Bundesanstalt für Finanzdienstleistungsaufsicht (BaFin) wird Handhabung der neuen Dokumentationspflichten überprüfen

12.02.2010 Am 5. August 2009 ist das „Gesetz zur Neuregelung der Rechtsverhältnisse bei Schuldverschreibungen aus Gesamtemissionen und zur verbesserten Durchsetzbarkeit von Ansprüchen von Anlegern aus FaIschberatung“ in Kraft getreten. Dadurch hat sich die Rechtslage sich wesentlich zu Gunsten von Anlegern verändert.

Dokumentationspflicht

Mit dem Gesetz wurde u. a. eine neue Dokumentationspflicht für Anlageberatungen eingeführt. Diese gilt seit Anfang dieses Jahres. Wertpapierdienstleistungsunternehmen müssen nun dem Anleger ein schriftliches Protokoll über jede Anlageberatung aushändigen. Falls das Protokoll nicht vor Abschluss des auf der Beratung beruhenden Geschäfts ausgehändigt werden kann, beispielsweise in Fällen telefonischer Anlageberatung, hat der Kunde bei einem unvollständigen oder unrichtigen Protokoll ein einwöchiges Rücktrittsrecht. Die neue Dokumentationspflicht soll die inhaltliche Qualität der Anlageberatung verbessern.

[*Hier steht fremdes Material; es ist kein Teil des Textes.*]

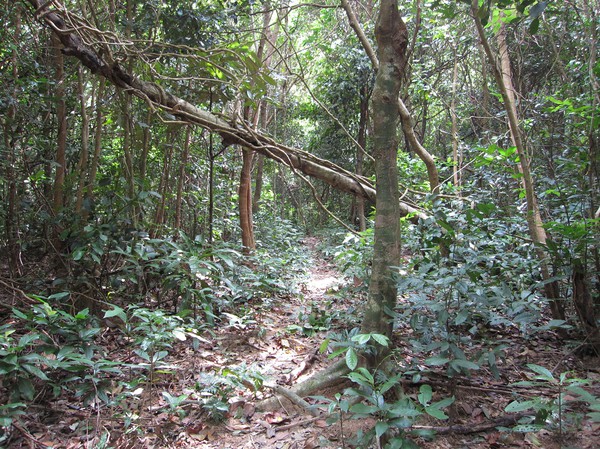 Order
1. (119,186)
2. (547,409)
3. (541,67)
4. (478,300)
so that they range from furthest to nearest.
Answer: (541,67)
(119,186)
(478,300)
(547,409)

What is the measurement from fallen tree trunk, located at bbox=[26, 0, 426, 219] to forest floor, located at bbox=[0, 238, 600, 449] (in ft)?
6.13

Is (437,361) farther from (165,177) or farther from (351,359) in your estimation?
(165,177)

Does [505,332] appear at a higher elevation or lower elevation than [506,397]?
higher

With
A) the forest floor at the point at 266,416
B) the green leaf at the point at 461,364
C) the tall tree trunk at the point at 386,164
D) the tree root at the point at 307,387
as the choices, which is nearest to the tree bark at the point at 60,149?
the forest floor at the point at 266,416

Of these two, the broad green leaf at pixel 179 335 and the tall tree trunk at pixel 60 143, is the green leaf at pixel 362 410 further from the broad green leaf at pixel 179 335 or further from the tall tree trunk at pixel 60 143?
the tall tree trunk at pixel 60 143

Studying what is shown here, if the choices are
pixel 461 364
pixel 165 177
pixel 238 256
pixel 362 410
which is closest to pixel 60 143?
pixel 165 177

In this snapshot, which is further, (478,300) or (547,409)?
(478,300)

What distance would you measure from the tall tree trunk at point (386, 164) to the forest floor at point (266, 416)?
0.59 meters

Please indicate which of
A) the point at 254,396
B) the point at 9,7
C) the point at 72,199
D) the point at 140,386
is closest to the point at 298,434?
the point at 254,396

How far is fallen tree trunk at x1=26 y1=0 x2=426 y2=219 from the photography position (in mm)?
3372

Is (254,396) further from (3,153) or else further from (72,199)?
(3,153)

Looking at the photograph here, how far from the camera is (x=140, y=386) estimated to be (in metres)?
2.95

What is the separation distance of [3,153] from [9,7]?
1410 millimetres

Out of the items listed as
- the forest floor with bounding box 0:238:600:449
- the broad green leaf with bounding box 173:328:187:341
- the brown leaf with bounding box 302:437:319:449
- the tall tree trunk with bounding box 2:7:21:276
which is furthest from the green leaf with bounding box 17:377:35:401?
the tall tree trunk with bounding box 2:7:21:276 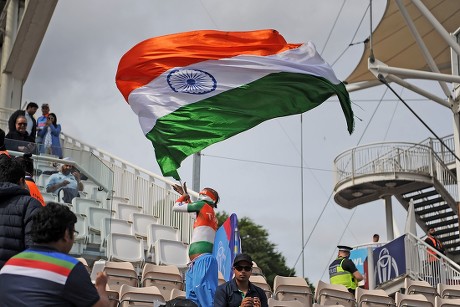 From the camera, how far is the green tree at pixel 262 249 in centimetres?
4866

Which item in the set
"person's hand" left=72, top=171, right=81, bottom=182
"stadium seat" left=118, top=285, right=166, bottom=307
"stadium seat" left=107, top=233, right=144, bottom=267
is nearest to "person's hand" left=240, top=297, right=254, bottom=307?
"stadium seat" left=118, top=285, right=166, bottom=307

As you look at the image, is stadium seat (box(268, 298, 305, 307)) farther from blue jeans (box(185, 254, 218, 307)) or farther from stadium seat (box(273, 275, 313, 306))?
stadium seat (box(273, 275, 313, 306))

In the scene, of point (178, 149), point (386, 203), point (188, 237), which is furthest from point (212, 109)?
point (386, 203)

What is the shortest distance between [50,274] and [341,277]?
10.9 metres

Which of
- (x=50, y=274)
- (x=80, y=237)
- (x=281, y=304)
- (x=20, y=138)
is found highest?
(x=20, y=138)

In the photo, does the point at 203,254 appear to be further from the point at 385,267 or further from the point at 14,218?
the point at 385,267

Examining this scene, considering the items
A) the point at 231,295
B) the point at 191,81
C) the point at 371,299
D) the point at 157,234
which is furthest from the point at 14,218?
the point at 157,234

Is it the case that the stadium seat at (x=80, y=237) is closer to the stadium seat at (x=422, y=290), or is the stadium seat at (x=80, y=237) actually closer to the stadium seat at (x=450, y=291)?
the stadium seat at (x=422, y=290)

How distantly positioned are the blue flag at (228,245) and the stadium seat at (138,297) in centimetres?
200

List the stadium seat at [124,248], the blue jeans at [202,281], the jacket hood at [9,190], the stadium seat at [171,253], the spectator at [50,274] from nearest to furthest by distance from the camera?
the spectator at [50,274], the jacket hood at [9,190], the blue jeans at [202,281], the stadium seat at [124,248], the stadium seat at [171,253]

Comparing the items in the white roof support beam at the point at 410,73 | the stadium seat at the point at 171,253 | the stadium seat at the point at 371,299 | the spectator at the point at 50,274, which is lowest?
the spectator at the point at 50,274

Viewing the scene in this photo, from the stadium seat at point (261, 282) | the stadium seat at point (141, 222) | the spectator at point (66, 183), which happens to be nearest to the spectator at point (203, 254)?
the stadium seat at point (261, 282)

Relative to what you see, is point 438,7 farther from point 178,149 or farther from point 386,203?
point 178,149

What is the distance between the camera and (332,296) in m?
15.1
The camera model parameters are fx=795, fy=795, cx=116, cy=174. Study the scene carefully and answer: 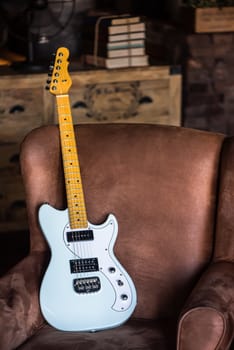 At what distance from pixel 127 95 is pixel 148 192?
1559mm

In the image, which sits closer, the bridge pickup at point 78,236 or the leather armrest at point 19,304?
the leather armrest at point 19,304

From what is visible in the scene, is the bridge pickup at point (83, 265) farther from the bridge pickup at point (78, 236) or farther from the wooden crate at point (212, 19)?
the wooden crate at point (212, 19)

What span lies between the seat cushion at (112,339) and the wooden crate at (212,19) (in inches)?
79.0

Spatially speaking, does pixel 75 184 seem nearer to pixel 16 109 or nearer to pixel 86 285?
pixel 86 285

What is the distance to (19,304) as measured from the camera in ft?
7.49

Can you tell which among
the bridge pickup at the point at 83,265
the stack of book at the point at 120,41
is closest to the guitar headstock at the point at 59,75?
the bridge pickup at the point at 83,265

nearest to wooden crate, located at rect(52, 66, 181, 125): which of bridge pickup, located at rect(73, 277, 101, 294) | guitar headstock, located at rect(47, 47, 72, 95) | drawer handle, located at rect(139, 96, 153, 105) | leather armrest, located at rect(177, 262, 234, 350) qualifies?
drawer handle, located at rect(139, 96, 153, 105)

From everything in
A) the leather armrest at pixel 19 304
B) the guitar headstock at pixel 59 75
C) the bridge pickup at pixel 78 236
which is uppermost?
the guitar headstock at pixel 59 75

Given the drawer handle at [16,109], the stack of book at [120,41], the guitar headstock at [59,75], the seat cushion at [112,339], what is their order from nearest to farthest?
the seat cushion at [112,339] < the guitar headstock at [59,75] < the drawer handle at [16,109] < the stack of book at [120,41]

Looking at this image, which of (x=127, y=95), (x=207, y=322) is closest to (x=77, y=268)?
(x=207, y=322)

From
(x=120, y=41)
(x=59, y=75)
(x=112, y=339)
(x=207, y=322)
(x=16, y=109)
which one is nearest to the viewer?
(x=207, y=322)

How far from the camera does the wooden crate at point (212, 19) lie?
3.96 metres

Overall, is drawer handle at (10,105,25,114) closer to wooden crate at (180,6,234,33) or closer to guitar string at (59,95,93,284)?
wooden crate at (180,6,234,33)

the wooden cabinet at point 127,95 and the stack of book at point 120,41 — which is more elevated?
the stack of book at point 120,41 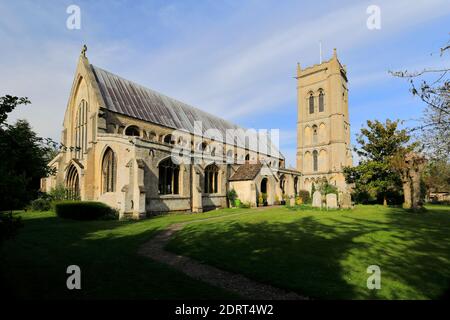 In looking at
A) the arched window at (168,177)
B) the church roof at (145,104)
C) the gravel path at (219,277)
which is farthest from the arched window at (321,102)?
the gravel path at (219,277)

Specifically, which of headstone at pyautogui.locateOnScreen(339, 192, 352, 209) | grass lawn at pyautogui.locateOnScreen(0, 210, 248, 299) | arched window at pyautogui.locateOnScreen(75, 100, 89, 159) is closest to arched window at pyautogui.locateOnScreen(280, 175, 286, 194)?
headstone at pyautogui.locateOnScreen(339, 192, 352, 209)

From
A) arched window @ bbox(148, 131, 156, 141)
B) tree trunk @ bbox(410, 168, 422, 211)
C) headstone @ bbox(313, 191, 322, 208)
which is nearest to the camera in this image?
tree trunk @ bbox(410, 168, 422, 211)

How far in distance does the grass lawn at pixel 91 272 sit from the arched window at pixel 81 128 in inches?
590

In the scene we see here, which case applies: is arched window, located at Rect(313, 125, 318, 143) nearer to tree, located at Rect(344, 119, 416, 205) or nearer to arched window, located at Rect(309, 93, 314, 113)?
arched window, located at Rect(309, 93, 314, 113)

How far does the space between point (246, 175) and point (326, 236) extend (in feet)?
60.8

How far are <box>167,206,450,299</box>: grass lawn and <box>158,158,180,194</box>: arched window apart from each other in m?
9.05

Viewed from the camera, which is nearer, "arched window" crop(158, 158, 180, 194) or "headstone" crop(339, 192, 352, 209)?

Missverständnisse zwischen Berater und Kunde sollen so schneller als bisher aufdeckt und mögliche Mängel für die Aufsichtsbehörde leichter erkennbar gemacht werden. Darüber hinaus soll der Anleger im Streitfall den Inhalt des Beratungsgespräches künftig besser nachweisen können.

Inhaltliche Anforderungen

Die inhaltlichen Anforderungen an das Beratungsprotokoll werden in der Rechtsverordnung zum Wertpapierhandelsgesetz (WpHG) konkretisiert. Da nach muss das Protokoll vollständige Angaben enthalten über:

1. den Anlass der Anlageberatung,
2. die Dauer des Beratungsgesprächs,
3. die der Beratung zugrunde liegenden Informationen über
a. die persönliche Situation des Kunden, insbesondere
aa. Kenntnisse und Erfahrungen des Kunden in Bezug auf Geschäfte mit bestimmten
Arten von Finanzinstrumenten oder Wertpapierdienstleistungen,
bb. Anlageziele,
cc. finanzielle Verhältnisse,
b. sowie über die Finanzinstrumente und Wertpapierdienstleistungen, die Gegenstand der Anlageberatung sind,
4. die vom Kunden im Zusammenhang mit der Anlageberatung geäußerten wesentlichen Anliegen und deren Gewichtung und
5. die im Verlauf des Beratungsgesprächs erteilten Empfehlungen und die für diese Empfehlungen genannten wesentlichen Gründe.

Anlass und Verlauf

Mit dem Beratungsprotokoll soll künftig Anlass und Verlauf der Anlageberatung transparenter gemacht werden. Es soll zeigen, an welche Kunden ein Institut von sich aus mit bestimmten Anlagevorschlägen herantritt. Hatte der Kunde zunächst ein Wertpapier oder eine Risikoklasse im Blick und entscheidet sich dieser dann aber als Ergebnis des Beratungsgesprächs für ein anderes, von seinem Berater empfohlenes Finanzinstrument, soll dies aus dem Beratungsprotokoll deutlich hervorgehen.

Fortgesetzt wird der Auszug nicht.